ApiType identifies a wire protocol for LLM API requests. Used as a hint on Request.ApiTypeHint and as the resolved value on RequestEvent.ResolvedApiType.

const (
	// ApiTypeAuto is the zero value. The provider selects the best API.
	ApiTypeAuto ApiType = ""
	// ApiTypeOpenAIChatCompletion selects the OpenAI Chat Completions API (/v1/chat/completions).
	ApiTypeOpenAIChatCompletion ApiType = "openai-chat"
	// ApiTypeOpenAIResponses selects the OpenAI Responses API (/v1/responses).
	// Required for models that use the phase field (gpt-5.3-codex, gpt-5.4-*).
	ApiTypeOpenAIResponses ApiType = "openai-responses"
	// ApiTypeAnthropicMessages selects the Anthropic Messages API (/v1/messages).
	// Provides native cache_control, thinking blocks, and anthropic-beta headers.
	ApiTypeAnthropicMessages ApiType = "anthropic-messages"
)

func (ApiType) MarshalText added in v0.40.0

func (t ApiType) MarshalText() ([]byte, error)

MarshalText maps the zero value (ApiTypeAuto = "") to the user-visible string "auto", matching the ThinkingMode convention.

func (*ApiType) UnmarshalText added in v0.40.0

func (t *ApiType) UnmarshalText(b []byte) error

UnmarshalText maps "auto" → ApiTypeAuto (the zero value "").
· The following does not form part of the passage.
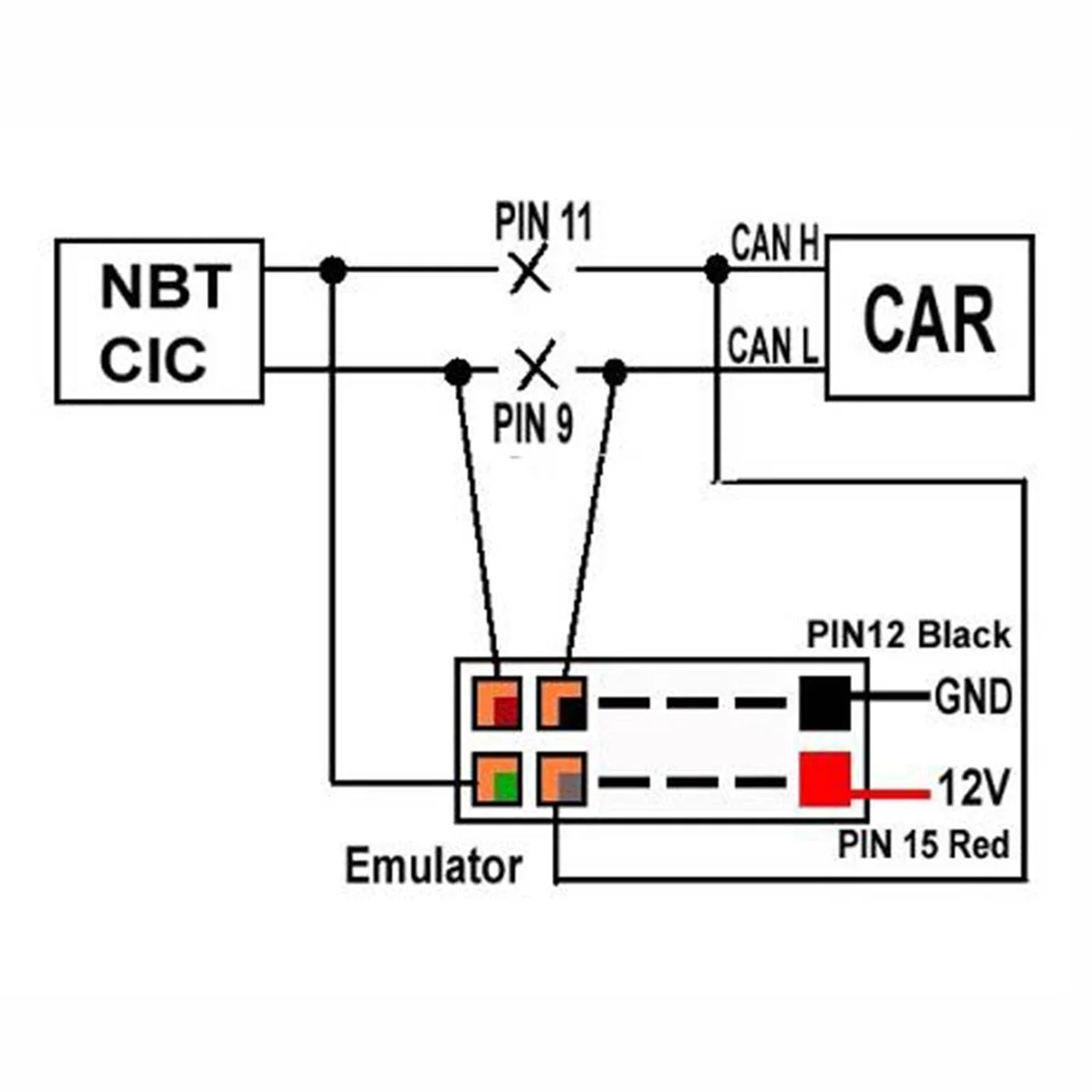 For BMW CIC Emulator Support Motion Navi Voice Control Activation/Video In Motion for BMW E90 E60 E9X E6X E8X Car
An empty input is also accepted as ApiTypeAuto. Shortforms are normalized to their full names:

"chat" → "openai-chat"
"responses" → "openai-responses"
"messages" → "anthropic-messages"

func (ApiType) Valid added in v0.40.0

func (t ApiType) Valid() bool

Valid returns true if t is a known constant or the zero value (auto).

type AssistantPhase added in v0.40.0

type AssistantPhase = msg.AssistantPhase

type Buildable added in v0.38.0

type Buildable interface {
	BuildRequest(ctx context.Context) (Request, error)
}

Buildable is implemented by any value that can produce a Request for streaming. Callers may pass either a fully-constructed Request or a *RequestBuilder to CreateStream — both satisfy this interface.
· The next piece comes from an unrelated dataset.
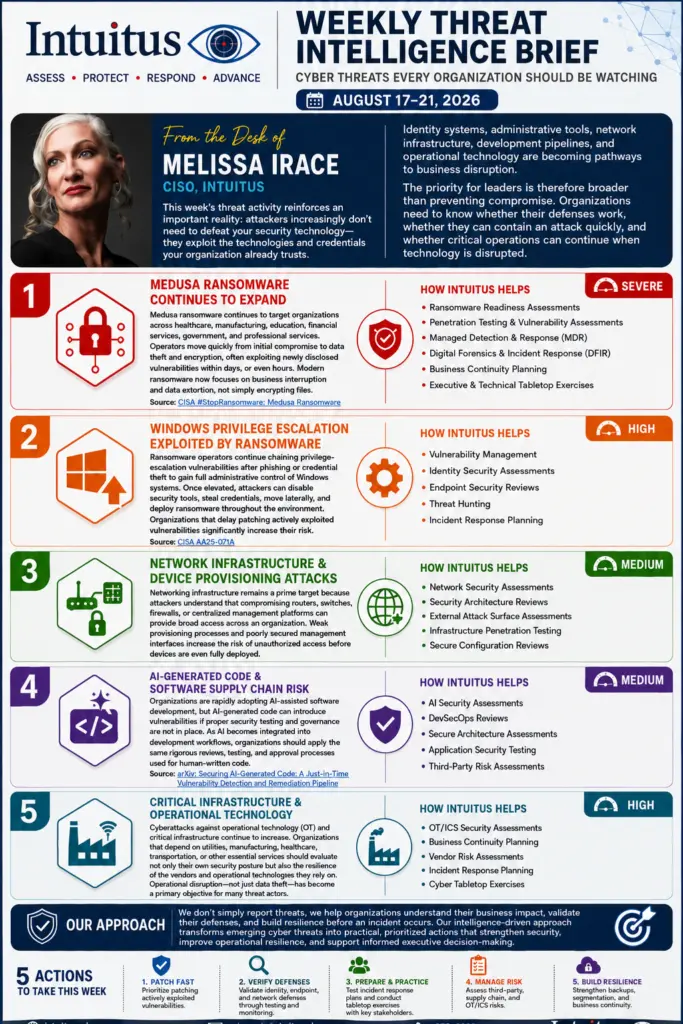 Intuitus Weekly Threat Intelligence Brief for 17 to 21 August 2026, from the desk of Melissa Irace, CISO, covering five threats: Medusa ransomware rated severe, Windows privilege escalation exploited by ransomware rated high, network infrastructure and device provisioning attacks rated medium, AI-generated code and software supply chain risk rated medium, and critical infrastructure and operational technology rated high.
type CacheHint added in v0.20.0

type CacheHint = msg.CacheHint

type CacheOpt added in v0.38.0

type CacheOpt = msg.CacheOpt

CacheOpt and CacheTTL are re-exported from the msg package so callers using RequestBuilder do not need to import msg directly.

type CacheTTL added in v0.38.0

type CacheTTL = msg.CacheTTL

type CompletedEvent added in v0.26.0

type CompletedEvent struct {
	StopReason StopReason `json:"stop_reason"`
}

func (CompletedEvent) Type added in v0.26.0

func (e CompletedEvent) Type() EventType

type ContentPartEvent added in v0.29.0

type ContentPartEvent struct {
	Part  msg.Part `json:"part"`
	Index int      `json:"index"`
}

ContentPartEvent is emitted once per content block when the provider signals block completion (content_block_stop). Index is the position of this block in the model's original output array — required to preserve the exact interleaving order of text and thinking blocks when re-serializing the assistant message.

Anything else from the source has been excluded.